とくに、ディクテ(先生が読み上げる文章をそのまま正確に記述する)や書写などの場合には、必ず万年筆を使うように言われるとか。
たしか、パリに行ったときに、さまざまな色のカートリッジを売っているお店があって、果たして商売が成り立っているのだろうか、と不思議に思ったことがあったのですが、その背景には、フランスの人々が、子供の頃から万年筆を使う習慣を身につけているという事情があるのかもしれません。

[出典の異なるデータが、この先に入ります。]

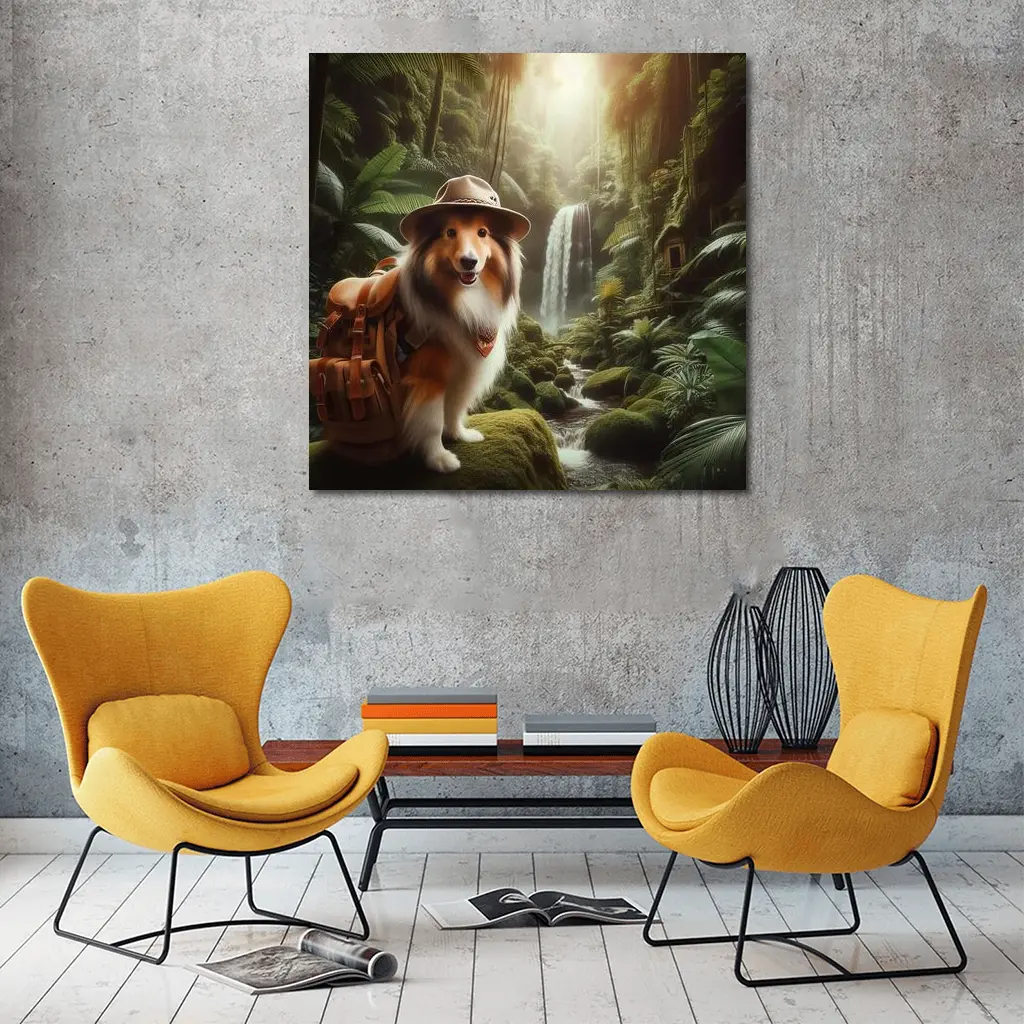 Shetland Sheepdog Explorer Jungle Waterfall Adventure – Wall Art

翻って、我が国ではそのような教育は行われないようです。今年は、新年から大学の筆記試験の採点に追われたのですが、学生の答案のすべてが、シャーペンか鉛筆で書かれていました。
 いちがいに決めつけるわけにはいきませんが、小学生が万年筆を使っている国と、大学生が鉛筆で答案を書いている国とでは、やはり何かが違っているような気がして、複雑な気持ちになりました。
万年筆を長く使っていると、頭の中でまずしっかりと文章を組み立ててから書き始めるという習慣が身についていくことでしょう。
そして鉛筆で書く習慣が付いている人は、消しゴムで簡単に消せるので、書きながら修正していく習慣が身についていくことでしょう。
ワープロソフトなどパソコンで文字を入力する時代ですから、どちらでもよいのかもしれませんが、万年筆で論文を書いたり、手紙を書いたりできるということは、やはり意味があることではないかという気もします。

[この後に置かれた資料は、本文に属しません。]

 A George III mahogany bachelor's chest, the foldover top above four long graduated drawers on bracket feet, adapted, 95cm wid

私のモーツァルトのCDのジャケットは、坂口紀良先生のガラス絵を使わせていただいています。
ガラス絵は、鏡の裏に回って乗せていく感じで、すべて逆から書いていかれる独特の手法です。
まさに即興の世界、書き直しや訂正は一切ききません。坂口先生はフランスにいらして、独自の世界を築いてこられ、日本にもたくさんのファンをお持ちです。
演奏も1回の勝負、まさに万年筆やガラス絵の世界と言えましょう。

コメント

  1. yuko より:

    先日、学生と話していたら、万年筆と急須を使ったことがない人がほとんどでした。
    ボールペンとシャーペンとペットボトルのお茶だそうです。
    そうかと思うと知り合いの男性で、いつも巻紙に筆で手紙を書く人がいます。彼曰く、字が下手でもうまく見える、というのがその理由だそうです。

  2. nishisan より:

    フランスと万年筆、
    そうでしたか。
    久元さんの思いが良く分かります。
    受験生は今、
    鉛筆よりもボールペンの時代だと
    思い込んでいました。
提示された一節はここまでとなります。